Answers To Your Top Montessori Daycare Questions

Is this your family's first experience with Montessori daycare? If you want to learn more about this educational philosophy and how Montessori child care centers differ from other programs, take a look at the top questions new parents have answered.

Are All Children In Montessori Programs In Multi-Age Classrooms?

Yes, all Montessori preschools or early childhood centers use the multi-age classroom approach. The early childhood classroom may include children ages two-and-a-half through six years, according to the American Montessori Society. This grouping strategy is central to the philosophy and can help your child to learn, grow, and develop in new ways. It can also create a caring community of learners who stay together for several years in a row. 

Even though it may seem like the traditional like-aged groupings you might see in other child care centers or elementary schools are the "right" or "best" options, the multi-age classroom offers younger children the chance to learn from older students—and the older children can develop new skills by helping the younger ones. This can help both younger and older children to build academic, social, and emotional abilities.

Is Montessori Really Different From Other Preschool Programs?
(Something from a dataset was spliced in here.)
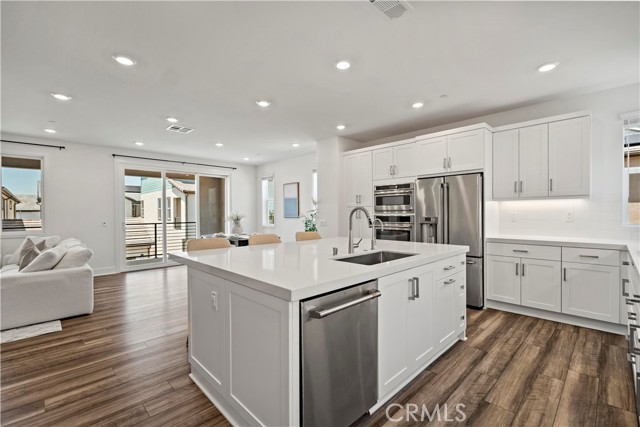 297 Lynx, Irvine CA: https://media.crmls.org/medias/3b28773d-f8e3-4630-b088-2d1b2c5b0b5f.jpg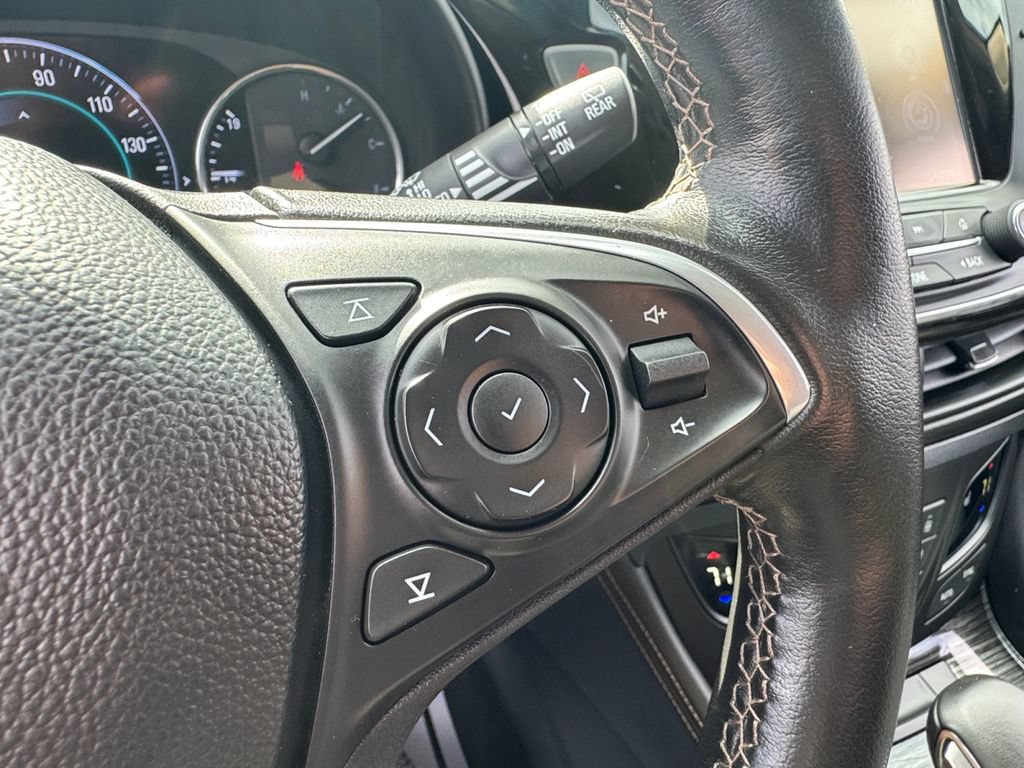 Used 2017 Buick Envision Premium AWD/4WD image 31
Yes, Montessori is different from other preschools, daycare centers, or similar school programs. While the multi-age classroom approach is a notable difference between Montessori and other educational options, it isn't the only one. Along with multi-age classrooms, Montessori is grounded in a child-led type of learning. This puts your child at the center of their own academic or developmental experience.

Montessori education isn't passive. Instead of a teacher lecturing young students, the children will take on an active role in the learning process. Your child will have the opportunity to choose their own materials (from pre-selected items) and activities. This allows your child to focus on areas that interest them and learn at their own pace. 
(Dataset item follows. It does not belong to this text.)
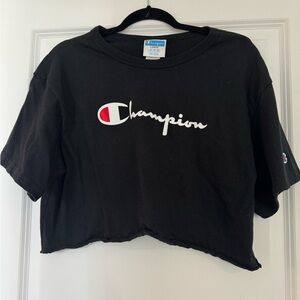 Black cropped champion T-shirt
Are Montessori Students Independent?

Yes, Montessori supports the development of independence. But this doesn't mean that your child is left unattended or needs to fend for themselves at school. Instead, the Montessori philosophy informs a classroom framework that encourages exploration, self-care, and individual learning. 

If your child needs help, the teacher is close by to provide assistance. This differs from doing things for the student or expecting the children to passively sit back and watch the educator. Think of the Montessori daycare teacher as a cheerleader/organizer/facilitator. Educators in these classrooms believe in the value of each child and understand that their young students are capable learners who can develop a true sense of independence during the early years.